I promise, I think I can get all these thoughts to tie together, bare with me.
I have had a job since I was 15 years old. In all my years working, I have NEVER had a work year as horrible as last year.
There were lots of things that contributed to it be so bad. And although I shared some of those things with those who I considered to be friends at work, I told no one everything that was taking place due to not being able to wrap my head around some of the things that were happening. Yes, I am mature enough to realize that no matter what was going on I am still responsible for my actions. Unfortunately I did allow it to alter some of my behaviors and I made some wrong choices with my friends. With the beginning of summer and putting some distance I saw the mistakes I made and apologized to what I considered to be 4 very, dear friends. I apologized for the things I knew I had done wrong and for anything that I was unaware that I had done. I asked for their forgiveness and said if they wanted to talk they knew where to find me. I thanked them for the friendship they had give and wished them and their families all the best. From 3 of the 4 I get absolute silence and these are people that I was friends with for 11 years, 6 years and 5 years.
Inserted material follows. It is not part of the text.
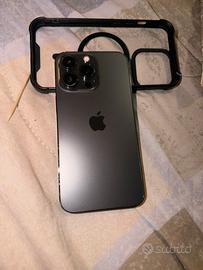 Iphone 13 pro 128 gb nero
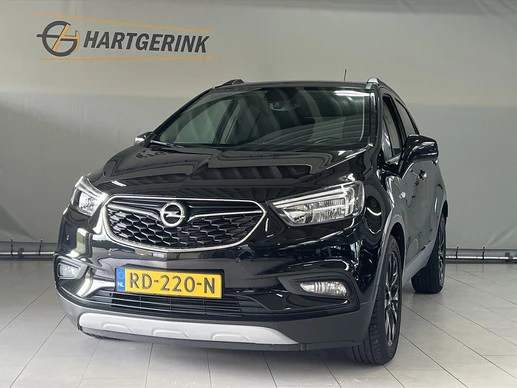 Opel Mokka X - Afbeelding 1 van 27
From the 4 I get the occasional message usually after I have contacted them and attempt to be friendly but in a much different manner than we ever had. I am smart enough to know that their perspective of the situation maybe different (see I told you the crazy thoughts would all tie in).
The bottom line for me I guess is this question, “Do I continue to try and work on the friendships by sending text like: Hope things are going well. Thinking of you. Happy Holidays, etc.? Or do I let go, be thankful for the time we had and move on? And if I move on and am later contacted do I rekindle the friendship or just be cordial and continue about living. What are your thoughts/advice?